4. Exemples de détections analysées par le IAA SETI

·         Signal Wow! (1977) : Détecté par le radiotélescope Big Ear (Ohio, États-Unis). Jamais réobservé, classé comme non confirmé.

·         Signal SHGb02+14a (2003) : Détecté par SETI@home. Identifié plus tard comme une interférence humaine.

·         Projet Breakthrough Listen (2015–présent) : Plusieurs signaux intrigants ont été détectés (ex. BLC1 en 2019), mais tous ont été attribués à des interférences ou à des phénomènes naturels.

·         Signal "BLC1" (2019) : Analysé par le IAA SETI, conclu à une interférence terrestre après enquête.

5. Défis actuels (2026)

·         Satellites et constellations : Les mégaconstellations (Starlink, OneWeb) perturbent les observations radioastronomiques, compliquant la détection de signaux faibles.

·         Fausses alertes : L'augmentation des données (via l'IA et les grands télescopes) génère plus de faux positifs.

·         Éthique de la réponse : Faut-il répondre à un signal ? Qui décide ? Le comité travaille sur un cadre éthique pour cette question.

·         Coopération internationale : Certains États (comme la Chine avec FAST) mènent des recherches SETI en parallèle, sans toujours partager leurs données.

6. Comment le IAA SETI fonctionne-t-il ?

·         Membres : Le comité réunit des astronomes, des ingénieurs, des juristes et des experts en communication. Les membres sont nommés par l'IAA pour des mandats de 4 ans.

·         Réunions : Deux fois par an (en présentiel ou en visioconférence), avec des groupes de travail thématiques (ex. : protocoles de réponse, analyse des données).

Collaborations :

  • SETI Institute (États-Unis)
  • Breakthrough Initiatives (Russie/États-Unis)
  • Observatoire de Paris (France)
  • CNSA (Chine)
  • ESA (Europe)

7. Ressources officielles

Pour suivre les activités du IAA SETI :

·         Site web de l'IAA : https://iaaweb.org (section "SETI Permanent Committee").
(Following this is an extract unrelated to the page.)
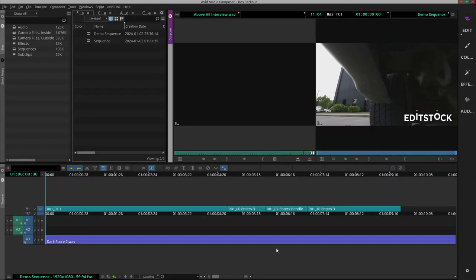Okay, so I have some clips on my video track and I have put some music on my stereo audio track, and this is what it looks like.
·         Rapports publics : Les protocoles et comptes-rendus de réunions sont publiés sur le site de l'IAA.

·         Newsletter : Une newsletter trimestrielle est envoyée aux membres et aux institutions partenaires.

8. Limites et critiques

·         Manque de pouvoir contraignant : Le IAA SETI ne peut pas imposer ses protocoles aux États ou aux institutions privées (ex. : SpaceX, Blue Origin).

·         Dépendance aux financements : Certains projets SETI dépendent de fonds publics ou privés, ce qui peut influencer leurs priorités.

·         Débat sur la transparence : Certains scientifiques estiment que les protocoles sont trop lents et devraient être plus réactifs en cas de détection majeure.

 

En bref :

Le IAA SETI est l'autorité de référence pour structurer la recherche de vie intelligente extraterrestre. Ses protocoles, régulièrement mis à jour, visent à garantir une approche rigoureuse, transparente et coordonnée. En 2026, ses principaux défis sont l'adaptation aux nouvelles technologies (IA, mégaconstellations) et la gestion des enjeux éthiques liés à une éventuelle réponse à un signal extraterrestre.